Image-caption web data
%%
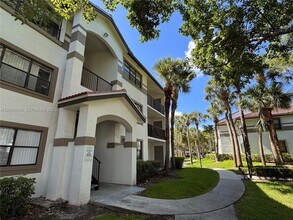 Building Photo - 550 S Park Rd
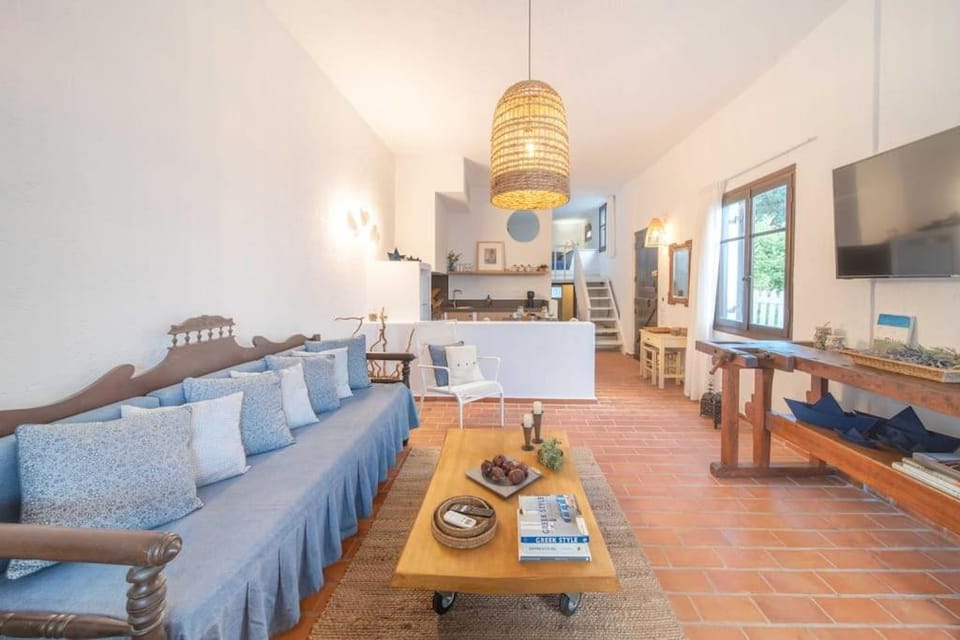 TV and multimedia, Kitchen or kitchenette, Living room, Seating area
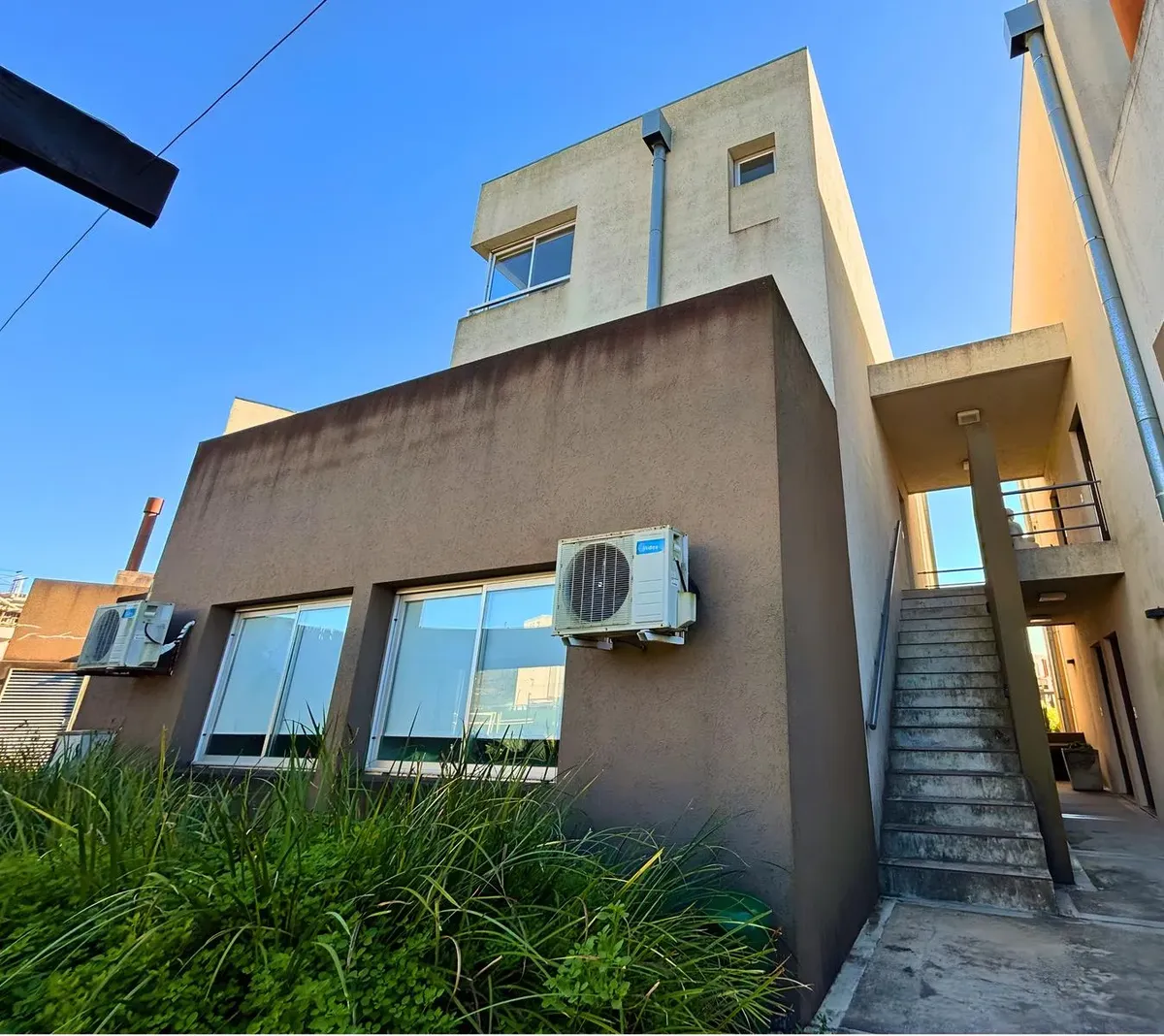 Duplex two-bedroom apartment with parking in Tigre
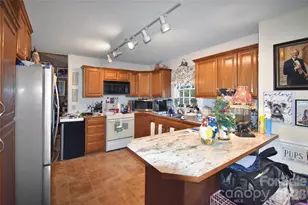 1861 Plaza Dr, Hickory, NC 28602 - Photo 9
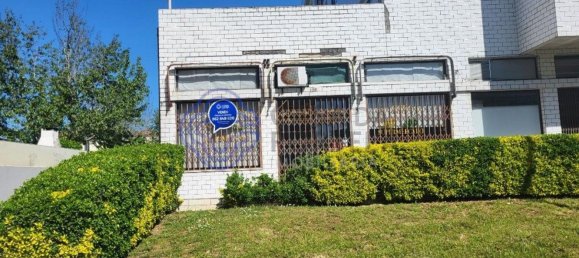 Propriété commerciale à Moreira, Portugal 60m² No. 36871 9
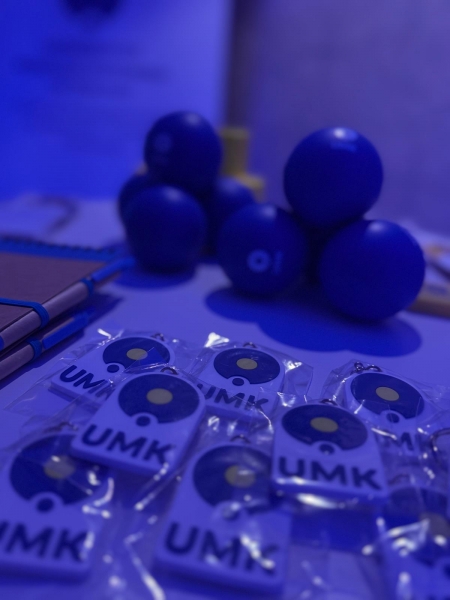 Click to zoom the picture.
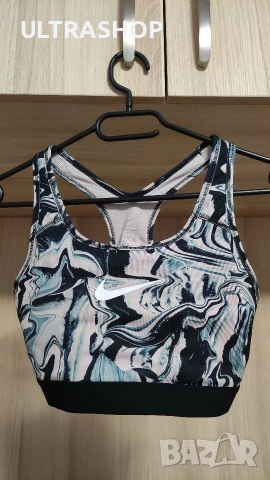 Дамски топ в отлично състояние Nike size S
%%
Work order: Copy the records exactly as they appear, leaving every picture out.

Finished exercise:
 Building Photo - 550 S Park Rd
 TV and multimedia, Kitchen or kitchenette, Living room, Seating area
 Duplex two-bedroom apartment with parking in Tigre
 1861 Plaza Dr, Hickory, NC 28602 - Photo 9
 Propriété commerciale à Moreira, Portugal 60m² No. 36871 9
 Click to zoom the picture.
 Дамски топ в отлично състояние Nike size S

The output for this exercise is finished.